**Extracted records:**
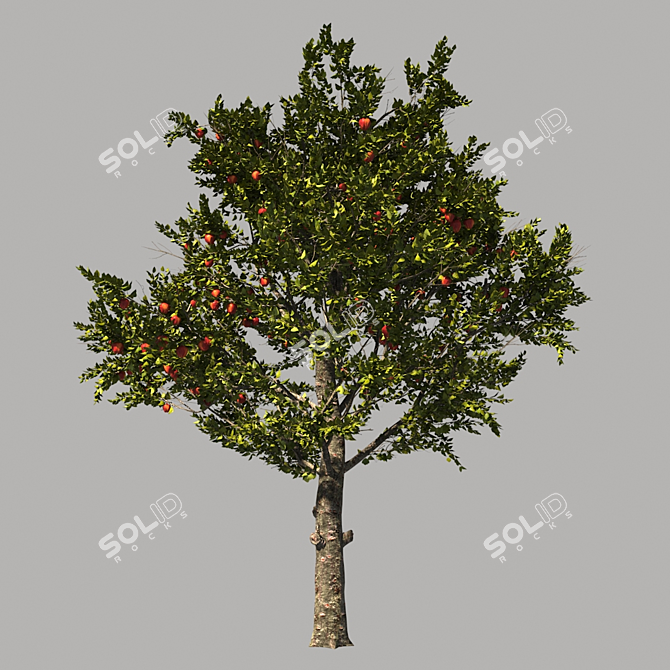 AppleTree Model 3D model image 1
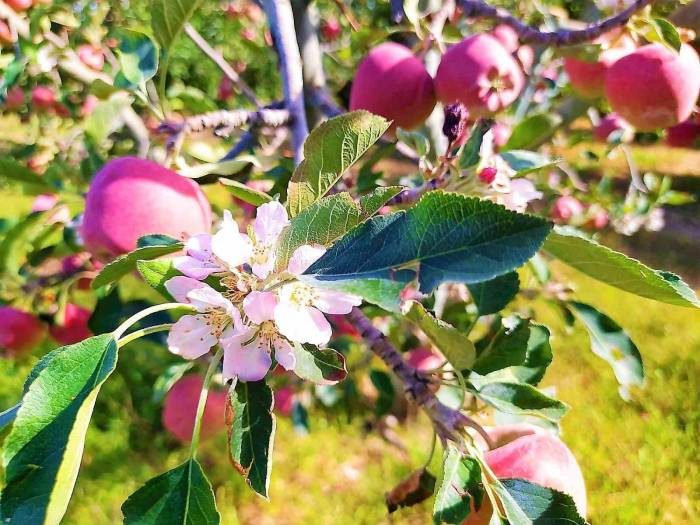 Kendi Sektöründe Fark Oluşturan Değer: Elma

--

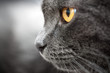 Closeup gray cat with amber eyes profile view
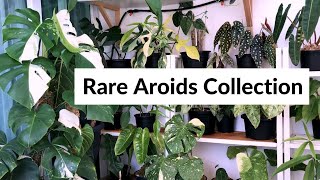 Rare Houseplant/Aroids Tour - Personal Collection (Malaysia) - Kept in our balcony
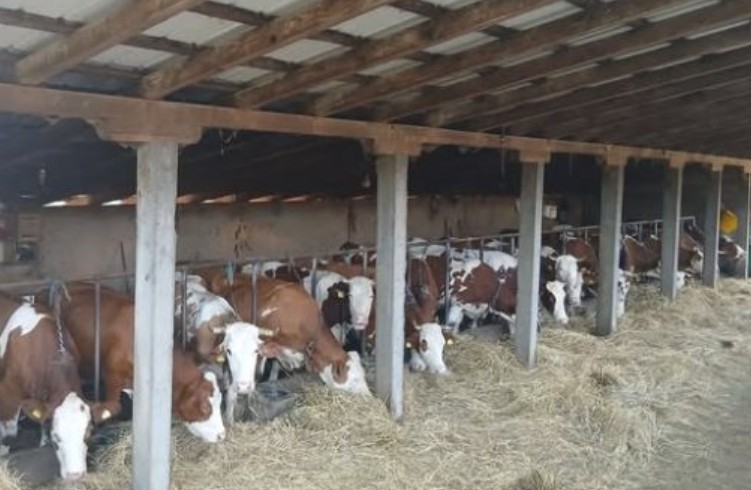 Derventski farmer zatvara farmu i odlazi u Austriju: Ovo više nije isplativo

**Assigned task:** Look above for the line containing "Closeup gray cat", then write out every line from there down to the line containing "Derventski farmer zatvara", that line included, with no pictures.

**Answer box:**
 Closeup gray cat with amber eyes profile view
 Rare Houseplant/Aroids Tour - Personal Collection (Malaysia) - Kept in our balcony
 Derventski farmer zatvara farmu i odlazi u Austriju: Ovo više nije isplativo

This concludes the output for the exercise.